Creamy and garlicky, with a balanced blend of earthy Black Truffle cheese. Truly decadent.
- 1 Tbsp Olive oil
- 1 cup Onions, chopped
- Salt & white pepper, to taste
- 6 cups Chicken or vegetable stock
- 2 tsp Garlic, minced
- 1 pound Arborio rice
- 1 Tbsp Butter
- ¼ cup Heavy cream
- 3/4 cup Bothwell Black Truffle, grated
- 2 Tbsp Chives, chopped
- Heat olive oil in a large pan over medium heat
- Add onion and season with salt & pepper.
- Sauté for 3 minutes, or until the onions are soft.

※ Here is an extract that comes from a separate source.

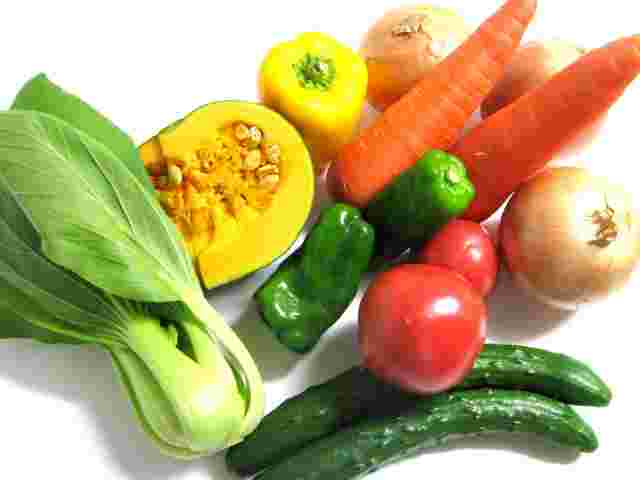 かぼちゃや人参などの緑黄色野菜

- Add the stock and garlic.
- Bring liquid to a boil and reduce to a simmer.
- Cook for 6 minutes.
- Add the rice and simmer for 18 minutes, stirring constantly, or until the mixture is creamy and bubbly.
- Add the butter, cream, cheese and chives.
- Re-season with salt and pepper.
- Simmer for 2 minutes and serve immediately.
- Garnish with additional chives (optional)
Kitchen Notes: Add 1/4 of Bothwell Smoked Parmesan for a deeper flavour profile.